### [What the exercise asks]
Your answer must be only the lines below from the one containing "ice hockey sports" through the one containing "BỘ LỤA QUẦN DÀI TAY NGẮN", copied exactly, with the pictures left out.

### [Task inputs]
◆ ◆ ◆

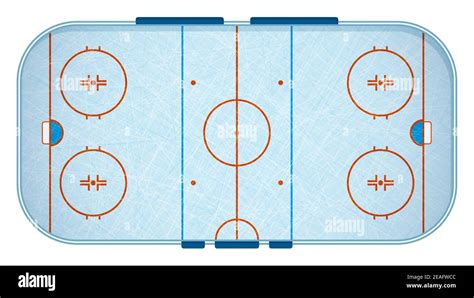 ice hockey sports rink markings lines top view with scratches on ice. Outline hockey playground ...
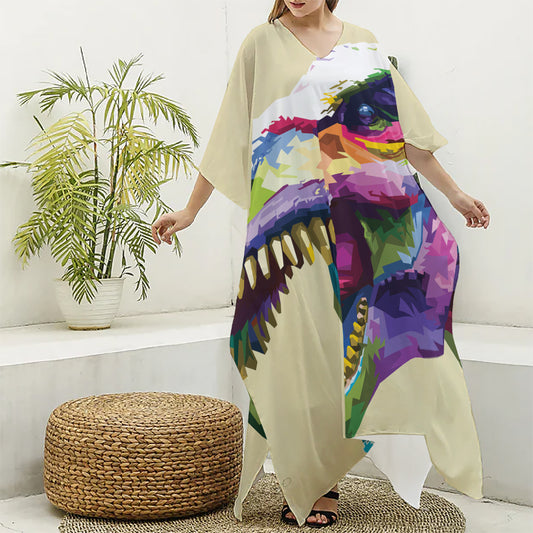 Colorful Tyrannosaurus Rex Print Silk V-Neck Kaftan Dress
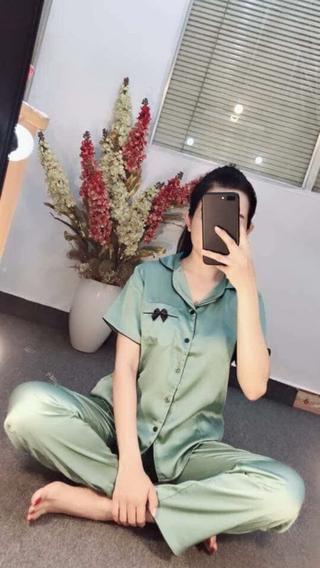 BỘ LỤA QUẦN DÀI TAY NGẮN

◆ ◆ ◆

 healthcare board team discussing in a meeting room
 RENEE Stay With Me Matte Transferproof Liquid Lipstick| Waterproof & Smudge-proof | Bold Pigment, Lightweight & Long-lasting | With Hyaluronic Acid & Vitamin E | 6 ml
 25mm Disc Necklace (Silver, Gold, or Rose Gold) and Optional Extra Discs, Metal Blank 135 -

◆ ◆ ◆

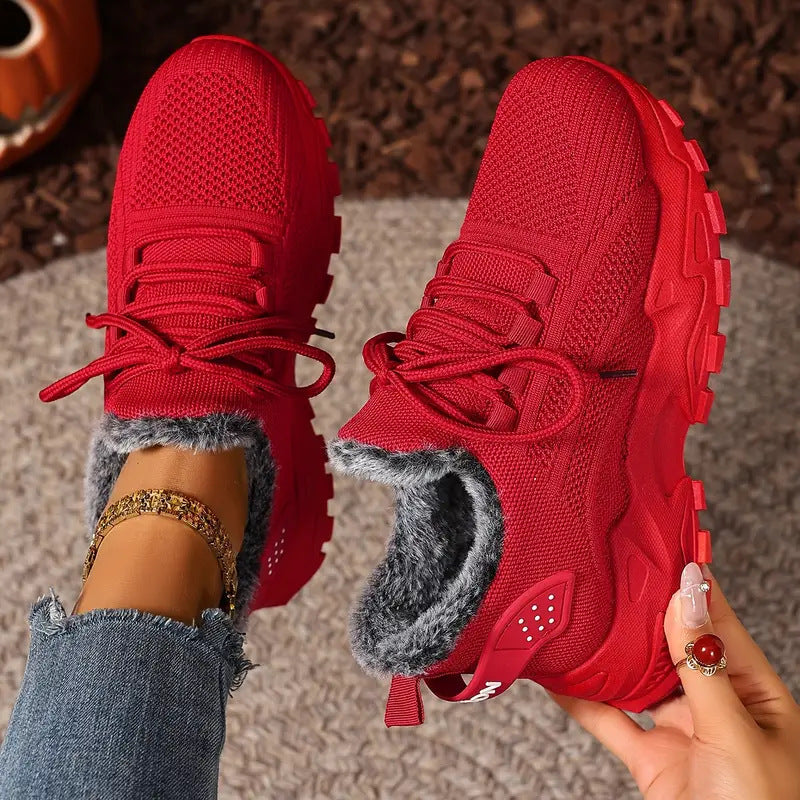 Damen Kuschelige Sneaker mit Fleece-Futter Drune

◆ ◆ ◆

### [Reply]
 ice hockey sports rink markings lines top view with scratches on ice. Outline hockey playground ...
 Colorful Tyrannosaurus Rex Print Silk V-Neck Kaftan Dress
 BỘ LỤA QUẦN DÀI TAY NGẮN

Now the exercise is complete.